━━━━━ SUPPLIED MATERIAL ━━━━━

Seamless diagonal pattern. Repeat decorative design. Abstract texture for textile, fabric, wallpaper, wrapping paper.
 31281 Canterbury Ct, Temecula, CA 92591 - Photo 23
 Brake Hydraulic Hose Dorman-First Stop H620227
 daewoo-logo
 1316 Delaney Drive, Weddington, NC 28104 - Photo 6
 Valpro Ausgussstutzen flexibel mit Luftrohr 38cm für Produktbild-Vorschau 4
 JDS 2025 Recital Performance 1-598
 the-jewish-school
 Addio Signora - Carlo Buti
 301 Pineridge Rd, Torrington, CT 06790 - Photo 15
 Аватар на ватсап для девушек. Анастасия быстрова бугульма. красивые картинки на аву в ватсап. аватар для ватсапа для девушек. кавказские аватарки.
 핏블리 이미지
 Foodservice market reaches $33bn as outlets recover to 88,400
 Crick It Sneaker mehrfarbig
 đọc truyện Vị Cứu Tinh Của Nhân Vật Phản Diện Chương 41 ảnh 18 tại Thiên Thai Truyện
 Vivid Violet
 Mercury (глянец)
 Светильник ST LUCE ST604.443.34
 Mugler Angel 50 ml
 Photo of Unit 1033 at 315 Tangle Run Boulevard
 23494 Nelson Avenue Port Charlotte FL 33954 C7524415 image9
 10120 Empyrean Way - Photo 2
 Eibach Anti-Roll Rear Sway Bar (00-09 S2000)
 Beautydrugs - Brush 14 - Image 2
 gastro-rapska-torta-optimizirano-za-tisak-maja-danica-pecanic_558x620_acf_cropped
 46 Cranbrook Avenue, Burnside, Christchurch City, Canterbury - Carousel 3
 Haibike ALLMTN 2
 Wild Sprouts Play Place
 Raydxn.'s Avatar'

━━━━━

• _THE TASK_
Each line of the listing above that contains the word "Avenue" is to be copied.

• _ANSWER SPACE_
 23494 Nelson Avenue Port Charlotte FL 33954 C7524415 image9
 46 Cranbrook Avenue, Burnside, Christchurch City, Canterbury - Carousel 3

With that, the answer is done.